====== RECORDS FOR THE EXERCISE

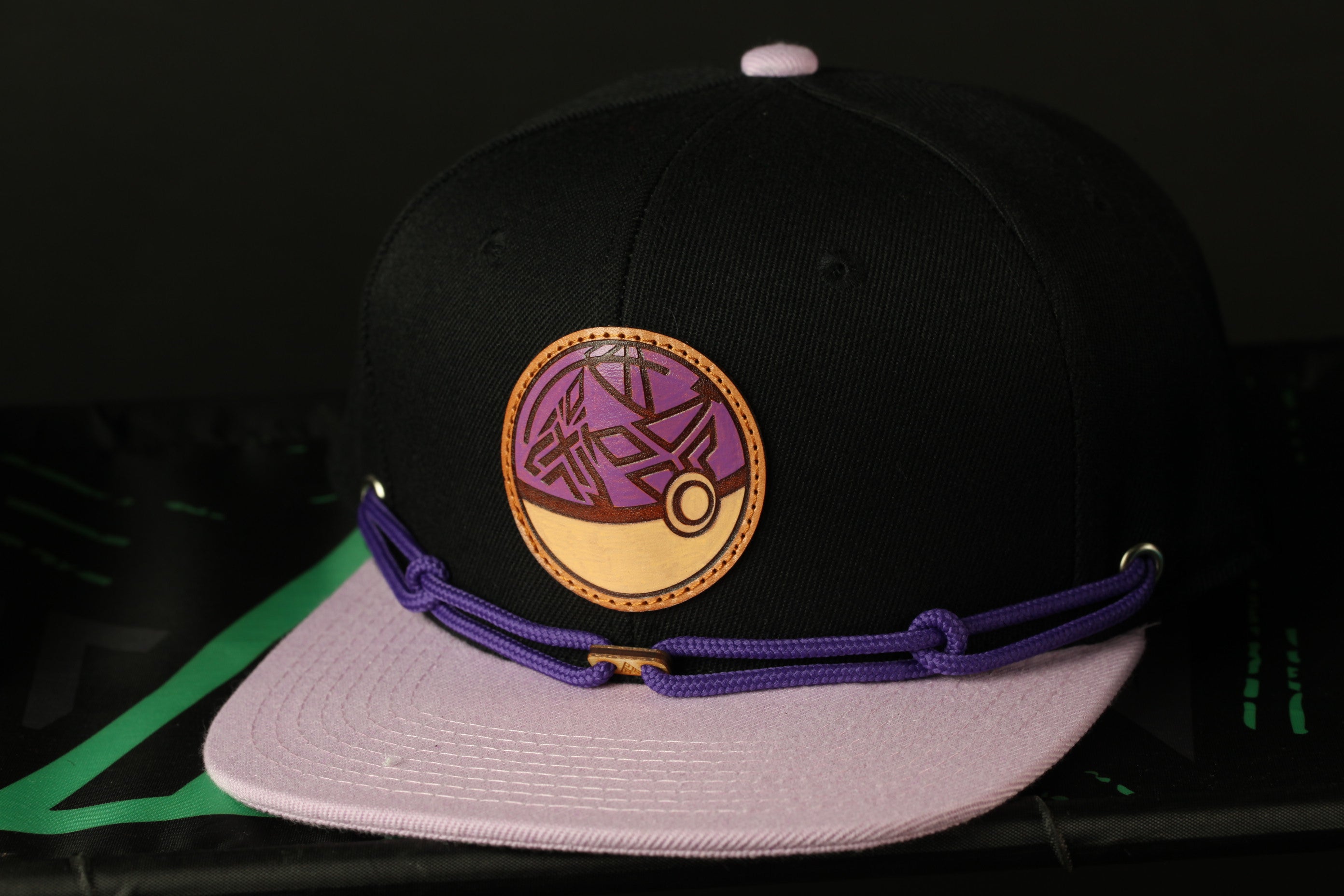 A black baseball cap with a purple and gold circular logo on the front, resting on a black surface.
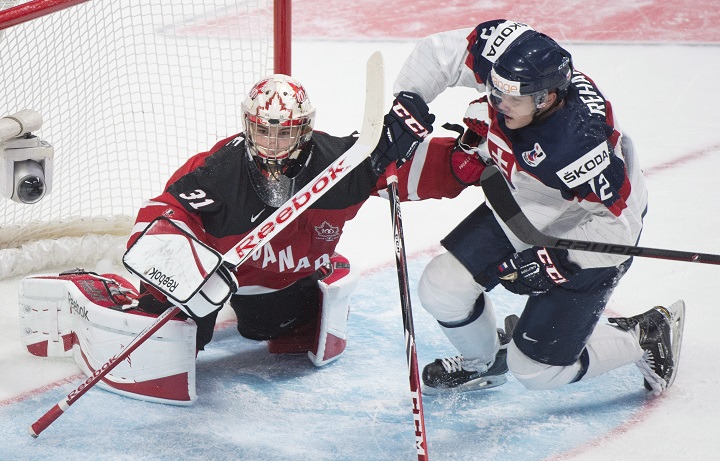Canadian goaltender Zach Fucale pushes Slovakia's Dominik Rehak from his crease during second period preliminary round hockey action at the IIHF World Junior Championship in Montreal, Friday, December 26, 2014.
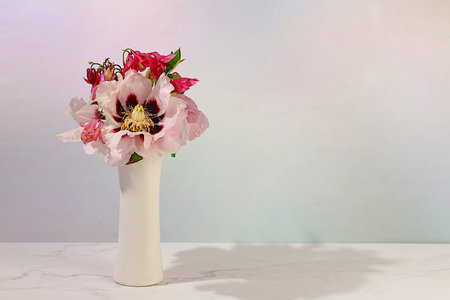 Still life with spring flowers mountain peony and columbine in vase on elegant modern table,template for your design with space for text,minimal beauty concept,beautiful flower card,abstract flower arrangementの写真素材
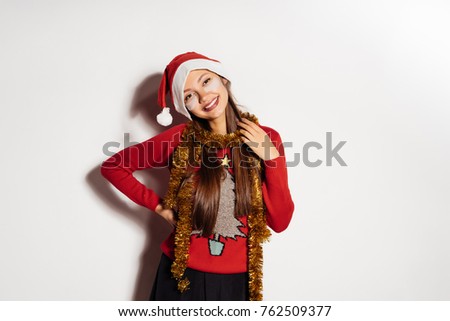happy young girl waiting for new year and christmas, wants gifts, wearing red festive sweater, smiling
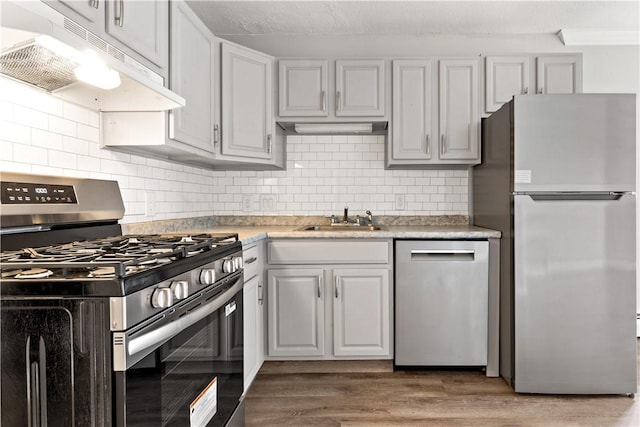 3940 Post Rd Unit 38, Warwick, RI 02886 - kitchen with stainless steel appliances, under cabinet range hood, a sink, decorative backsplash, and light countertops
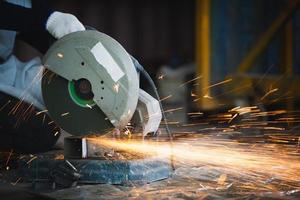 Schneiden eines Stahls mit Funkenspritzern, Metallbearbeitung mit Winkelschleifer. Funken in der Metallbearbeitung. foto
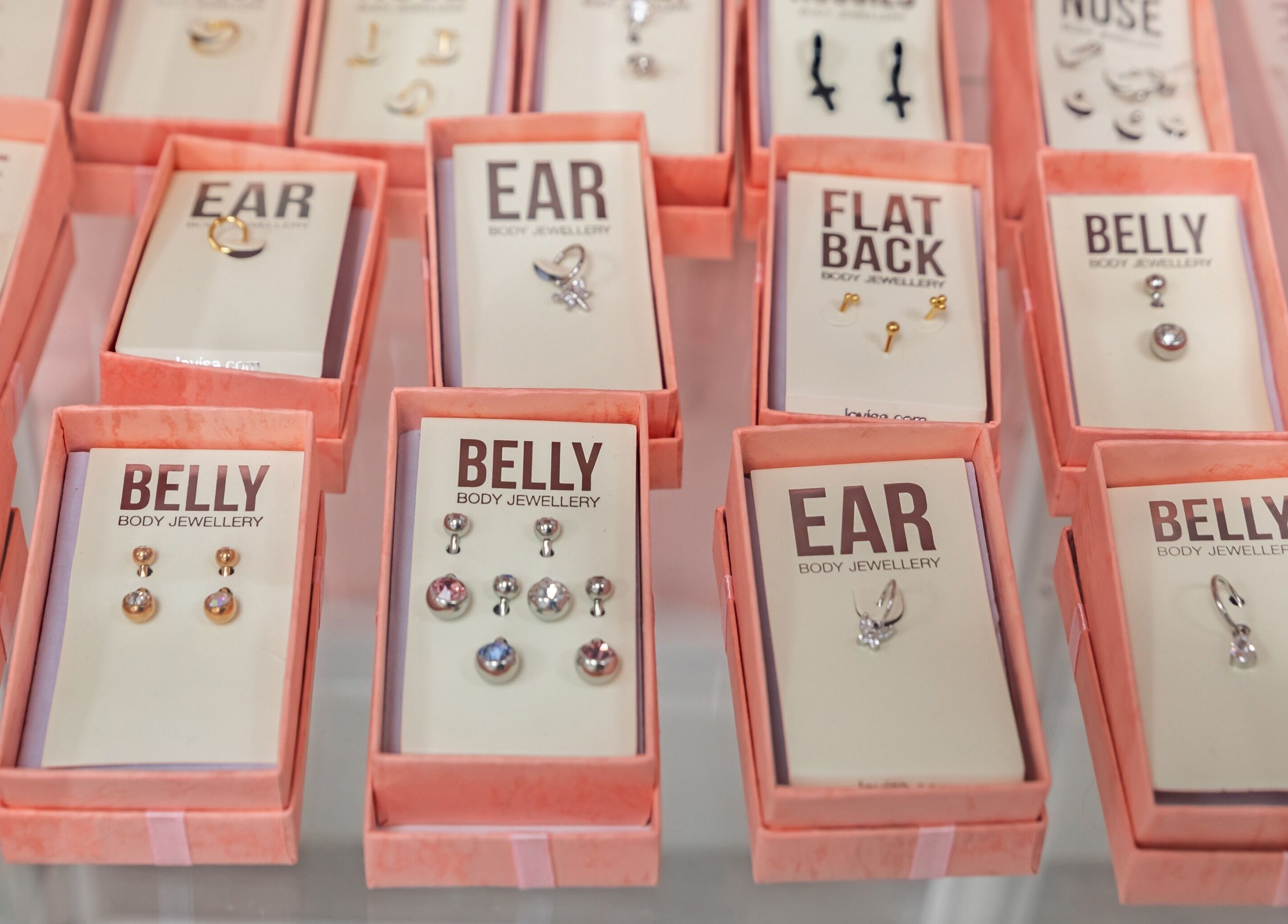 Assorted body jewellery boxes at Luxe Beautè, Cardiff, Wales, GB showcasing ear and belly designs.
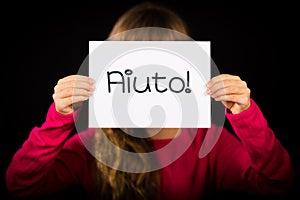 Child holding sign with Italian word Aiuto - Help photo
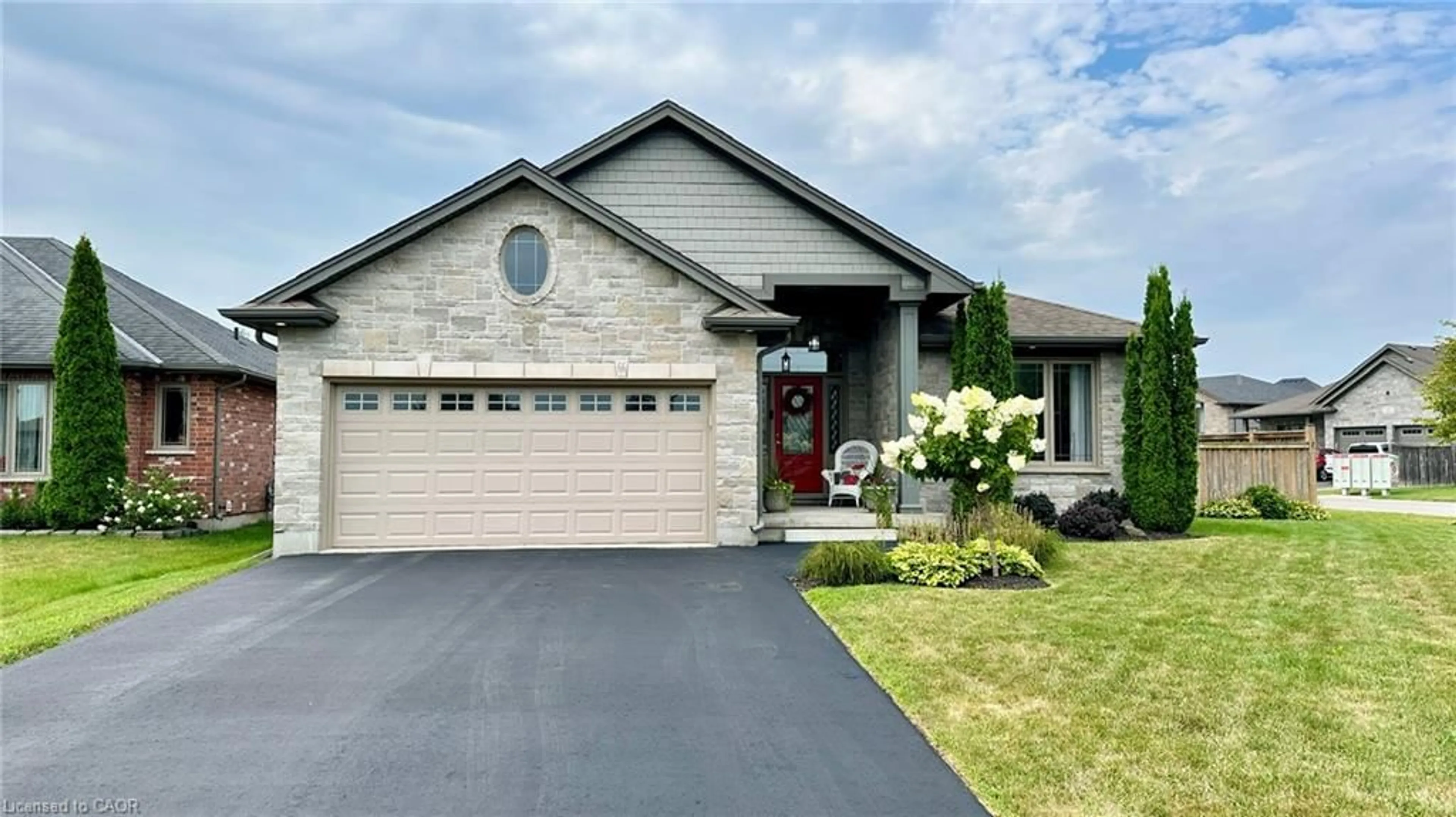Home with brick exterior material, street for 66 Driftwood Dr, Simcoe Ontario N3Y 0B4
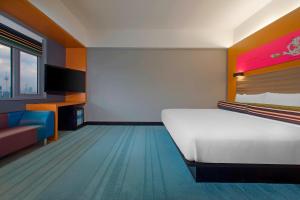 a large room with a bed and a tv at Aloft Kuala Lumpur Sentral in Kuala Lumpur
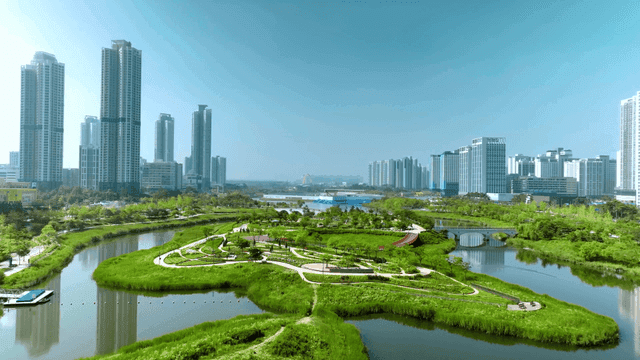 Modern city lake park scenery with lush greenery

============

- [PROBLEM STATEMENT]
Copy exactly the lines running from the line with "Still life with" to the final line of the listing, keeping both ends and dropping any picture.

- [YOUR RESPONSE]
 Still life with spring flowers mountain peony and columbine in vase on elegant modern table,template for your design with space for text,minimal beauty concept,beautiful flower card,abstract flower arrangementの写真素材
happy young girl waiting for new year and christmas, wants gifts, wearing red festive sweater, smiling
 3940 Post Rd Unit 38, Warwick, RI 02886 - kitchen with stainless steel appliances, under cabinet range hood, a sink, decorative backsplash, and light countertops
 Schneiden eines Stahls mit Funkenspritzern, Metallbearbeitung mit Winkelschleifer. Funken in der Metallbearbeitung. foto
 Assorted body jewellery boxes at Luxe Beautè, Cardiff, Wales, GB showcasing ear and belly designs.
 Child holding sign with Italian word Aiuto - Help photo
Home with brick exterior material, street for 66 Driftwood Dr, Simcoe Ontario N3Y 0B4
 a large room with a bed and a tv at Aloft Kuala Lumpur Sentral in Kuala Lumpur
 Modern city lake park scenery with lush greenery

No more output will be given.